EXERCISE:
Could you repeat every entry below word for word, leaving out the pictures?

EXCERPTED RECORDS:
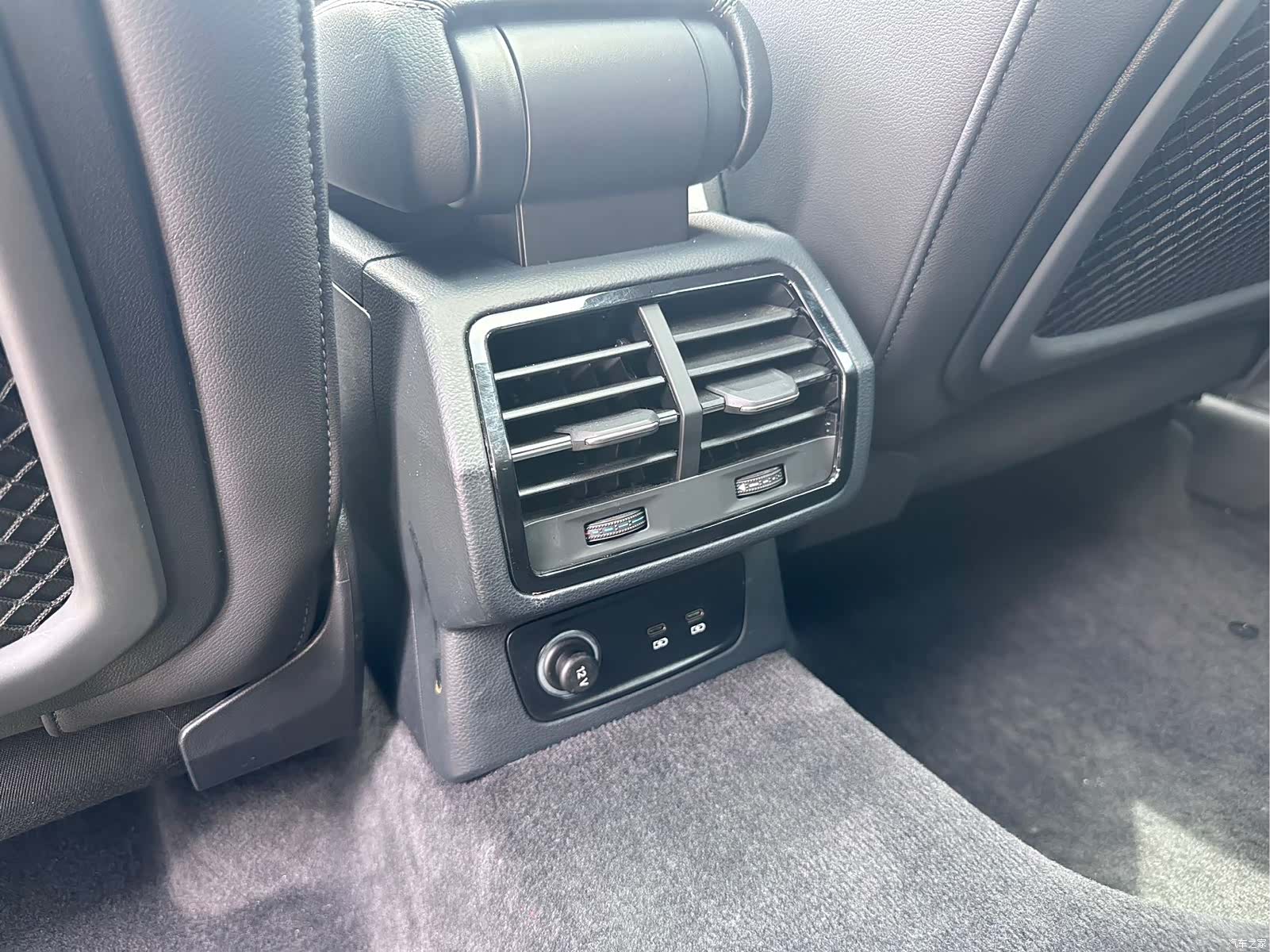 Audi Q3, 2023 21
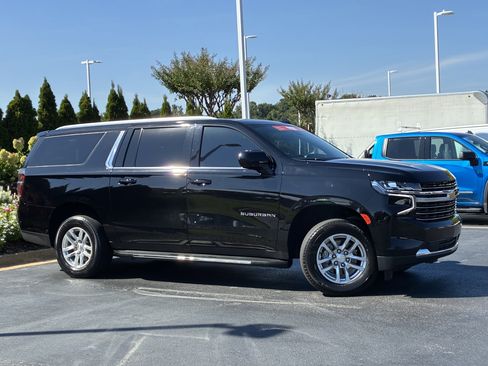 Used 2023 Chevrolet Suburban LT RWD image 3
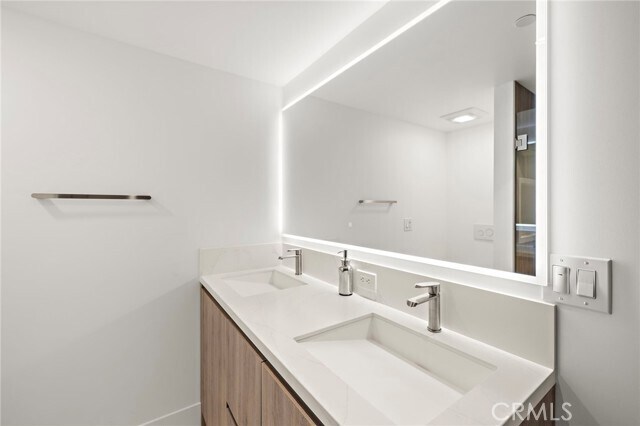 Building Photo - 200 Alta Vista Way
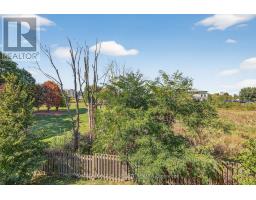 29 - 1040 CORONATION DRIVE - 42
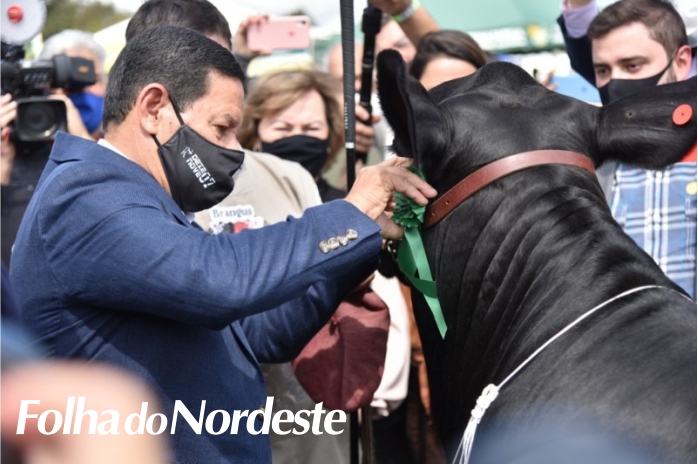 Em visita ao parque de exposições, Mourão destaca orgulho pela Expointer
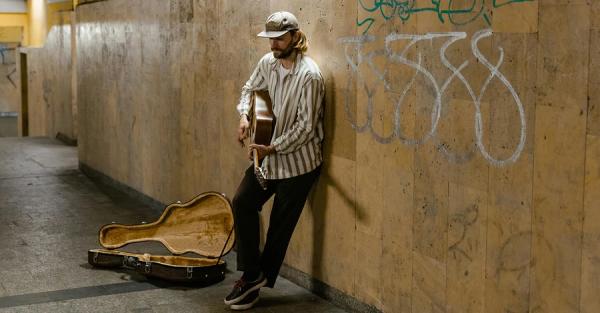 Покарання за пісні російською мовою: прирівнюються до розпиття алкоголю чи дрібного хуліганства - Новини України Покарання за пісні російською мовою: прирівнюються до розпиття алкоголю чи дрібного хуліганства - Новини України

EXERCISE SOLUTION:
 Audi Q3, 2023 21
 Used 2023 Chevrolet Suburban LT RWD image 3
 Building Photo - 200 Alta Vista Way
 29 - 1040 CORONATION DRIVE - 42
 Em visita ao parque de exposições, Mourão destaca orgulho pela Expointer
 Покарання за пісні російською мовою: прирівнюються до розпиття алкоголю чи дрібного хуліганства - Новини України Покарання за пісні російською мовою: прирівнюються до розпиття алкоголю чи дрібного хуліганства - Новини України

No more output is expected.